An Acquaintance with Joni Zavitsanos, the distinguished artist of the Greek dispora of America, including a tribute to her art work.
Written By: Leta Koutsoxera
All of us, until the end of our lives, we carry the residues of our birth, the membranes and the shell egg of a primordial world. Hermanh Hesse

Joni Zavitsanos is an artist who comes from the Greek diaspora of America and who has offered much to art and culture… In this anniversary journal, it is our pleasure and honor to present the work of this fine artist that was born and lives in Houston, USA; this way contributing in revealing artists from the Greek diaspora that have excelled abroad and maybe strengthening the bond between artists of Greek origin with the home country. We are presenting their works in order for art to become a bridge that can unite all distances and bring us closer together – as these artworks are the agents and exponents of the Greek expatriate spirit and soul and their presence here allows for this spirit to return to us… We want to make this connection with the Greek expats real, and therefore we make this tribute to our dear Joni Zavitsanos, aiming to get us closer to the life and work of this top Hellenic artist…

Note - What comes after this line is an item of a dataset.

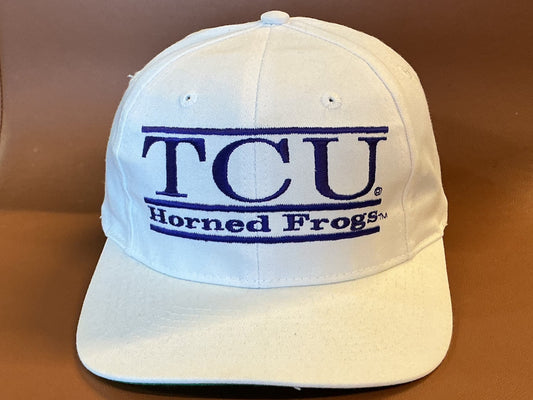 TCU vintage ‘The Game’ Early Edition Split Bar logo snap back hat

Several years ago, in July’s – December’s 2015 issue, we had presented the artist Dina Tourva from the Greek diaspora of Australia. Back then, we had discussed again the dynamic presence of the Greeks abroad and the important role of Hellenism* that, by preserving the Greek tradition, language, and customs, maintains spiritual and emotional relationships with the homeland – It is Greece beyond the boarders. It is the “Greece of the world” that transfers the Greek spirit to the globe, offering so much to science and the arts…It is Phoebe Stephanopoulou, the directress of the journal, that brought me in contact with Joni Zavitsanos and her art work in order for this tribute to come to fruition… I particularly liked Joni’s works… At first sight, I detected a dynamic and specificity in her art that touched me, and triggered me to talk about it, to approach it with interest and, above all, with love, as I always do with all artworks, in order to get, as much as possible, into their depth and essence.

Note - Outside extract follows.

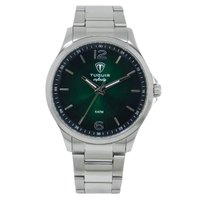 Relógio Masculino de Aço Tuguir Analógico Infinity TGI37220 Prata e Verde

After Joni Zavitsanos accepted the invitation, I came in contact with her through telephone and email and we talked about her work and her life… We talked about her ancestry, her husband, and her children, Anastasia, Socrates, Diamante and Irene, her father, the religious icons painter Diamantis Kassis, who was her first and most important teacher… Here’s a part of our conversation:
– I said :
Dear Mrs. Joni Zavitsanos, I am glad to be in such a pleasant position to talk with you and discuss some things about your work and life, in order to present your work in the journal ‘nea skepsi’… You are an artist originating from the Greek diaspora of America, living and working in Houston. Talk to me about your ancestry, the ancestry of your parents, and tell me if you are visiting Greece some times.

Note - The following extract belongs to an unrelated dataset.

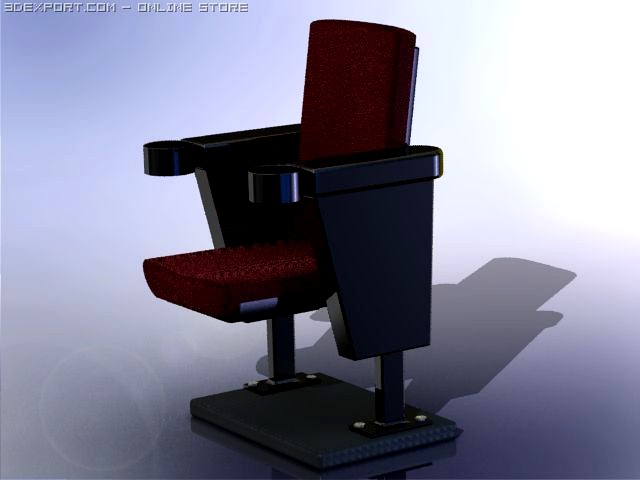 Theatre Seat 3D Model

I am a Greek-American, born in Houston, Texas of parents who both came from Greece (my father from Galaxidi and my mother from Mytilene). My father was an art teacher, and we did not have the means to travel to Greece when I was growing up, yet from my earliest memories I’ve always felt I was Greek first, and then American. The smells, tastes, sounds, and images in my home were always 100% Greek. When I got married, I was able to visit Greece for the first time with my husband, John, who is from Lefkada. It is difficult to express the wonderful feeling I had when I arrived. It was as though I had always been there and always known this place. I used to dream of Greece as a child, and I had a certain impression of how it was and how it made me feel. As soon as I stepped foot onto Greek soil, I knew this was the place I had dreamed as a young child, and I immediately fell in love with it and was proud to call Greece my true home. We go every summer with our children and have even bought a second home there. When I am not there, I still dream of it until I go back.
Do you believe that your ancestry has played an important role in your work?
My work is largely influenced by my father, Diamantis Cassis, who has an iconographer, any by Byzantine style art in general. Thus, my ancestry has definitely played a major role in my artwork.
What do you believe is the most important thing in life?
The most important thing in life is our relationship with God and mankind. Our love for one another is all that matters in this life.
How close are you to the American culture in relation with the Greek, or better which culture has affected you more?
I will always say that I am more Greek than American. I am proud to be both, but my Greek heritage is of greatest importance to me. It is the most influential culture known to mankind and has given more to the world than the world will ever acknowledge.
In your artwork you have been inspired and affected by Byzantine art, while you have developed your own style and technique. Would you like to talk about all this?

I have always been intrigued by Byzantine art. I grew up with it, watching my father work for hours in his studio at our home in Houston. I loved the thin, gaunt figures, the color schemes, the reversed perspective, and the haunting images of an otherworldly nature. Byzantine art is a perfect form of expression and it’s eternally relevant. Its beauty is quiet and understand, yet bold and expressive. It is unlike any other art form. To quote my father, “Byzantine religious paining is not art for art’s sake, but rather art for man’s exaltation.”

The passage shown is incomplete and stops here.